• [TRY IT]: Retype all of the data word for word, without pictures.

• [DATA UNDER STUDY]:
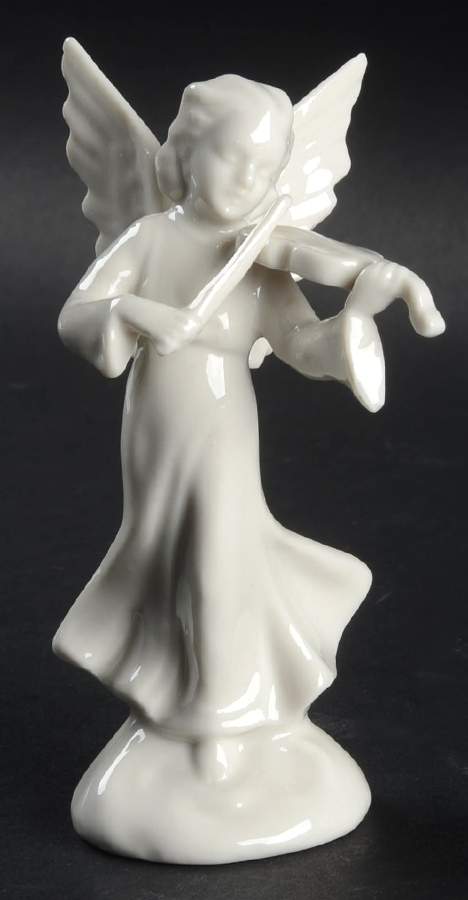 Angel Musicians #6 Angel With Violin-Foot Out - No Box by Dresden (German)-1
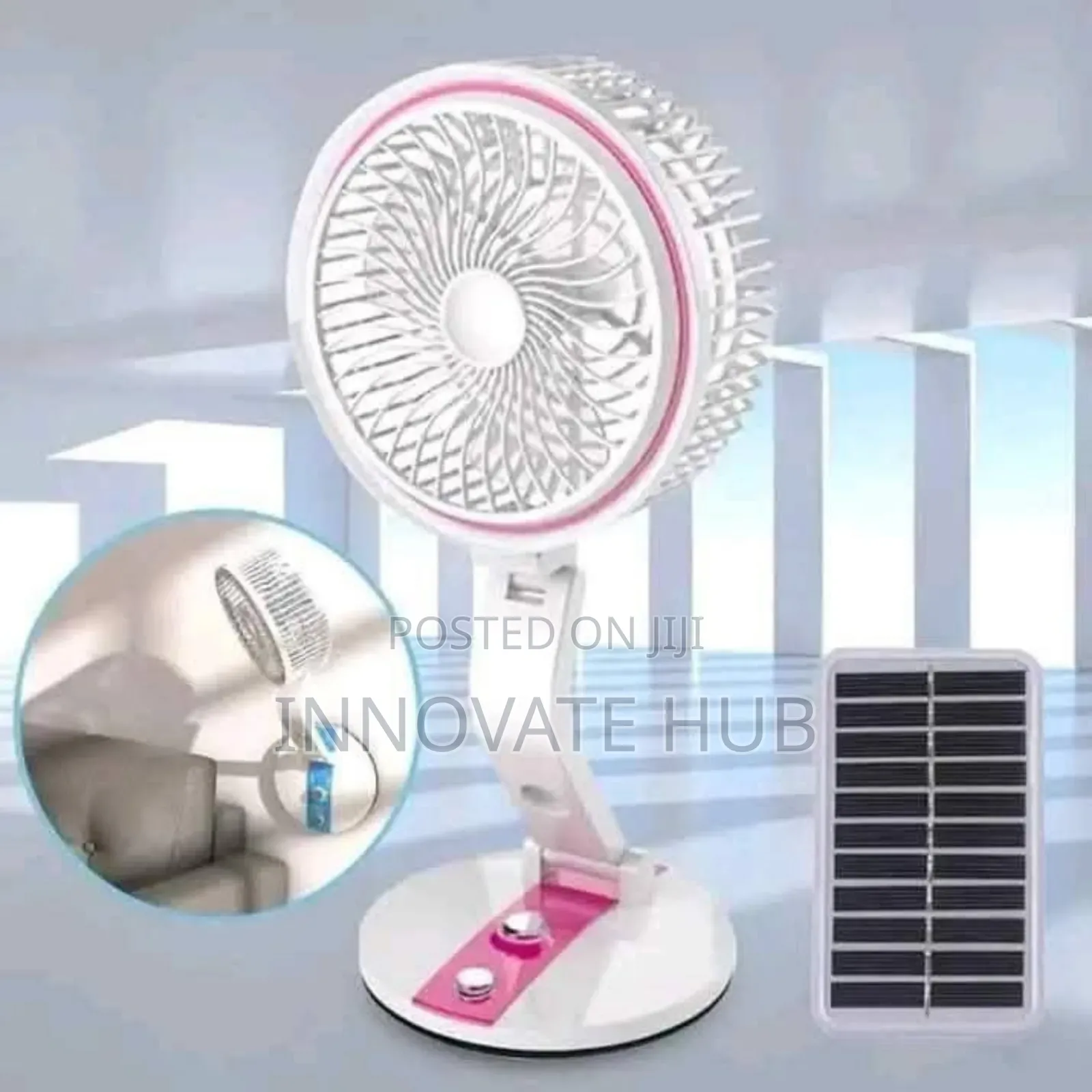 Rechargeable Folding Fan With Led Light (Lr Fan)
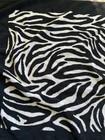 Rare Vintage Lot Ralph Lauren 3 Bath Towels Zebra Animal  Print Black White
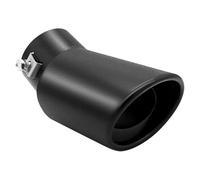 Car Trim Exhaust Pipe 63mm Stainless Steel Bend Muffler Tip Tail Throat Black Rear Muffler Tip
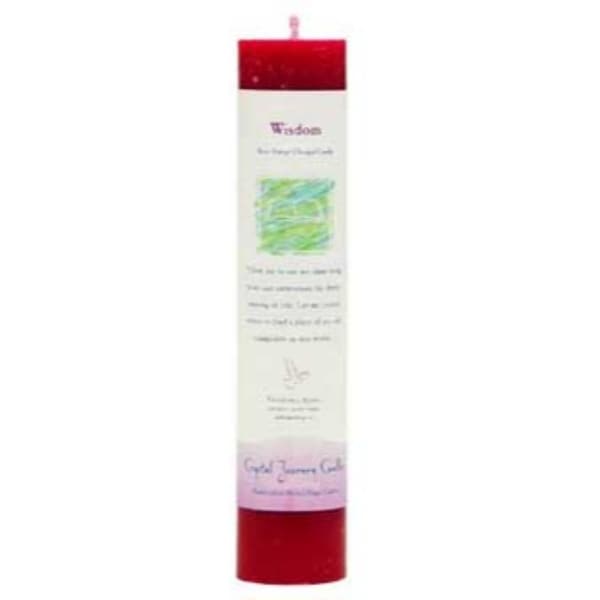 Wisdom reiki charged pillar candle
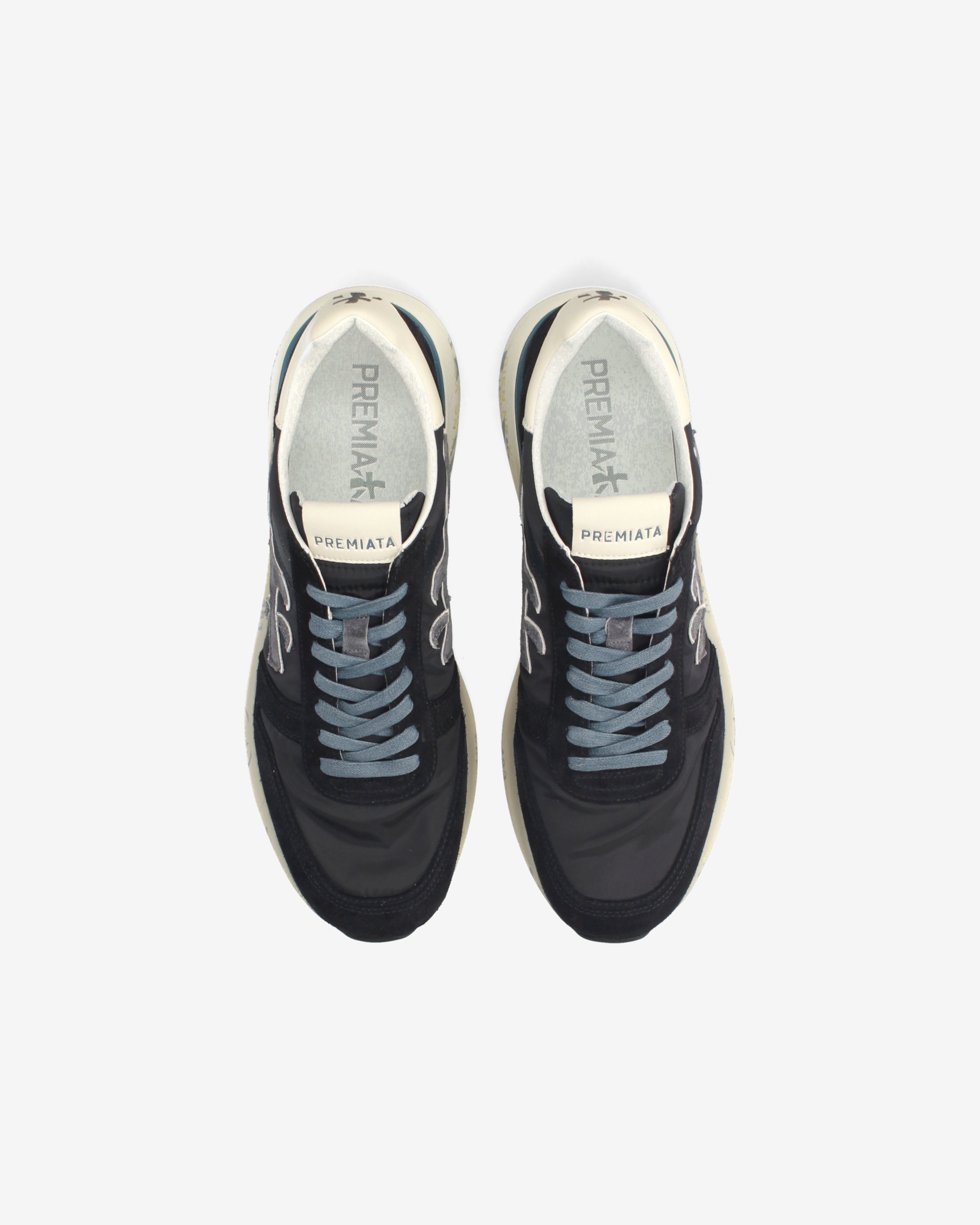 Premiata Mick 7716 baskets homme bleu marine daim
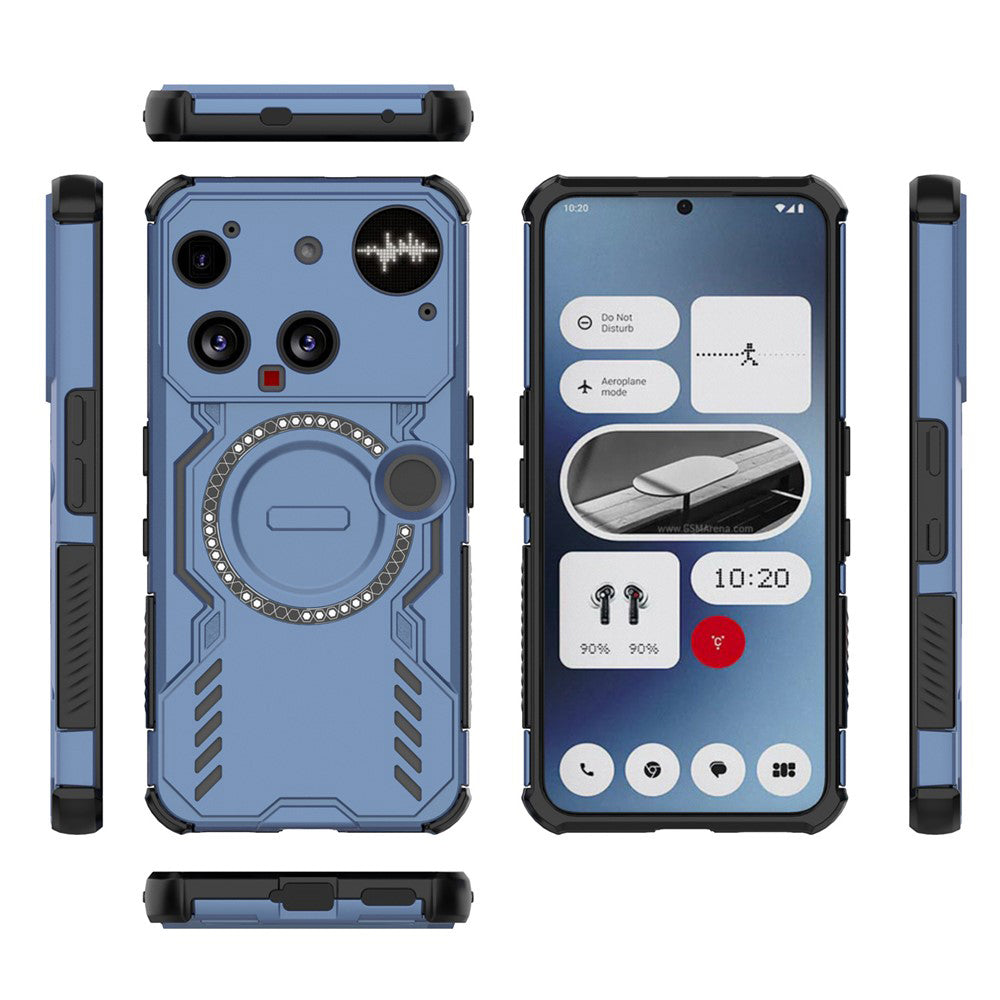 Capa MagSafe para Nothing Phone (3), Techsuit, ArmorMag, Azul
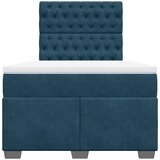  s oprugama i madracem plavi 120 x 190 cm baršun | shoptok.hr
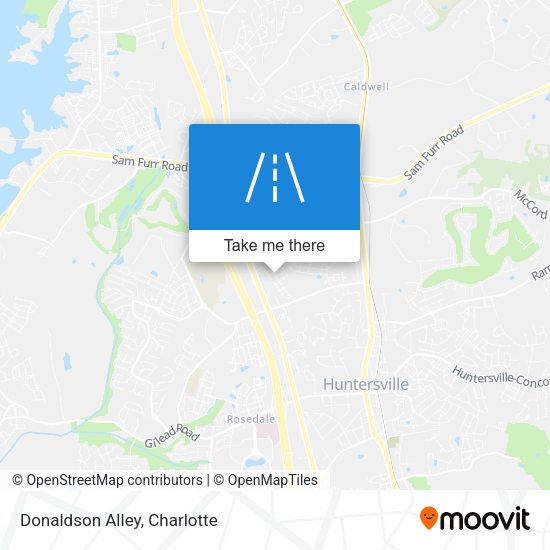 Mapa de Donaldson Alley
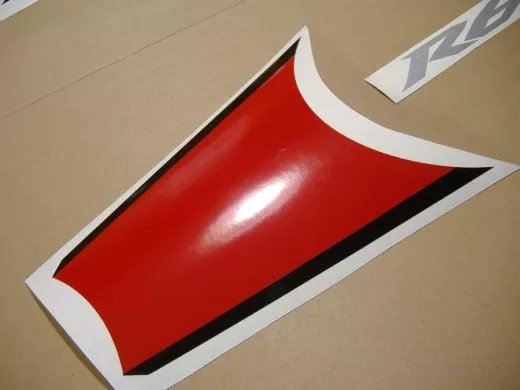 Yamaha YZF-R6 RJ11 2007 - Weiß/Rot Version - Dekorset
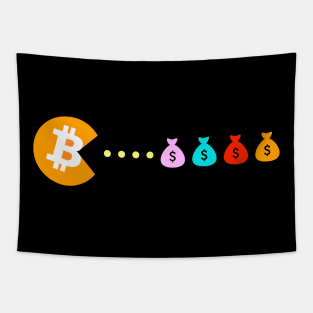 Bitcoin eats Dollar Tapestry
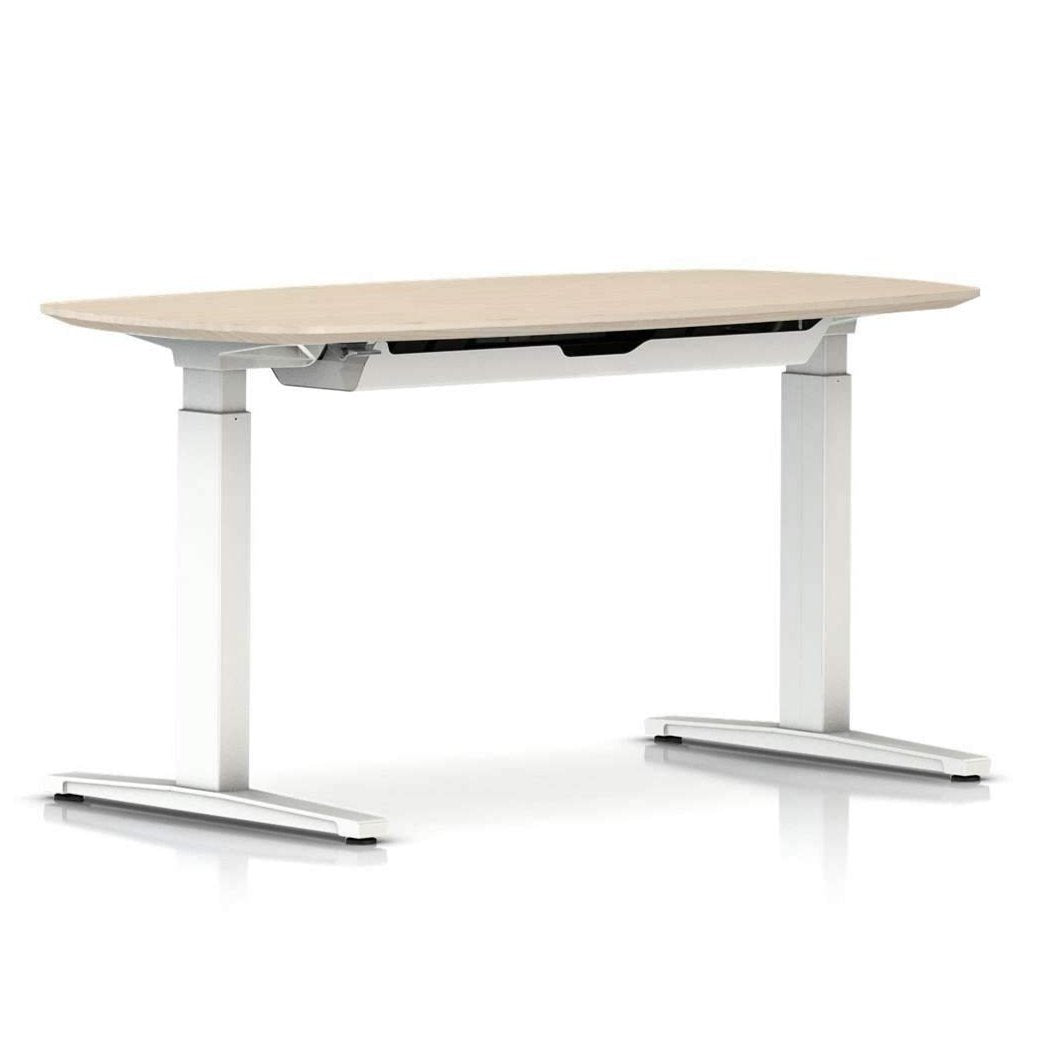 Renew Sit-to-Stand Desk Oval with T-Foot Desk herman miller 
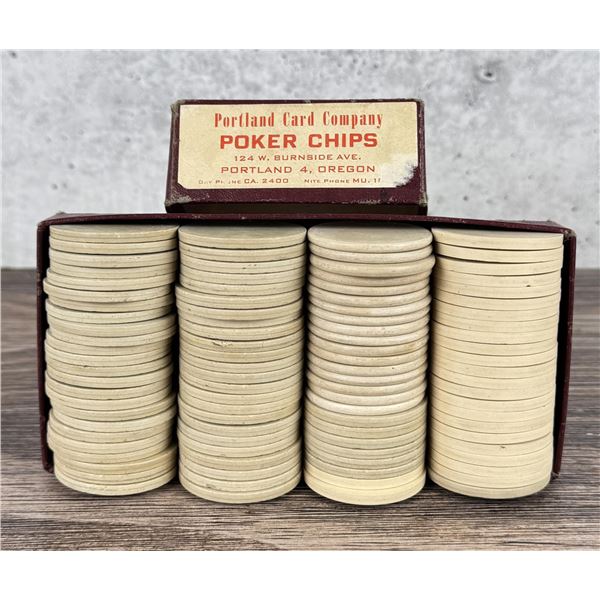 Antique Montana Saloon Clay Poker Chips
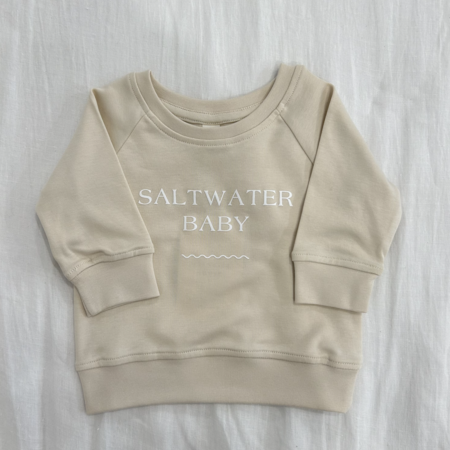 Saltwater House Saltwater Baby Sweatshirt - Natural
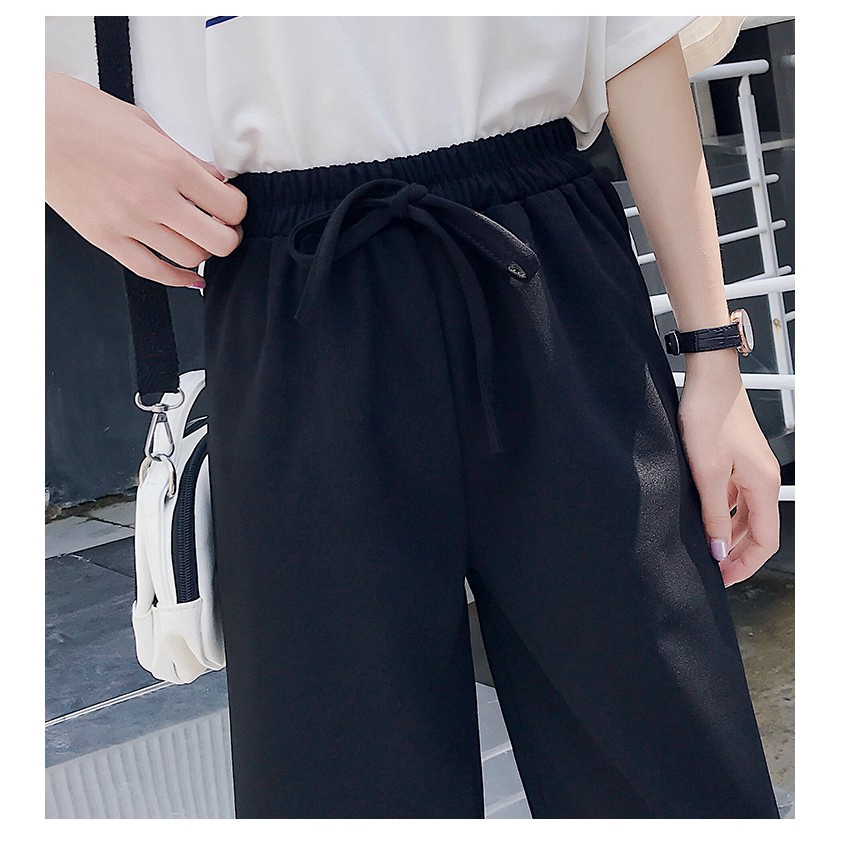 Quần chiffon nữ ống rộng xẻ tà | BigBuy360 - bigbuy360.vn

• [YOUR RESPONSE]:
 Angel Musicians #6 Angel With Violin-Foot Out - No Box by Dresden (German)-1
 Rechargeable Folding Fan With Led Light (Lr Fan)
 Rare Vintage Lot Ralph Lauren 3 Bath Towels Zebra Animal  Print Black White
 Car Trim Exhaust Pipe 63mm Stainless Steel Bend Muffler Tip Tail Throat Black Rear Muffler Tip
 Wisdom reiki charged pillar candle
 Premiata Mick 7716 baskets homme bleu marine daim
 Capa MagSafe para Nothing Phone (3), Techsuit, ArmorMag, Azul
  s oprugama i madracem plavi 120 x 190 cm baršun | shoptok.hr
 Mapa de Donaldson Alley
 Yamaha YZF-R6 RJ11 2007 - Weiß/Rot Version - Dekorset
 Bitcoin eats Dollar Tapestry
 Renew Sit-to-Stand Desk Oval with T-Foot Desk herman miller 
 Antique Montana Saloon Clay Poker Chips
 Saltwater House Saltwater Baby Sweatshirt - Natural
 Quần chiffon nữ ống rộng xẻ tà | BigBuy360 - bigbuy360.vn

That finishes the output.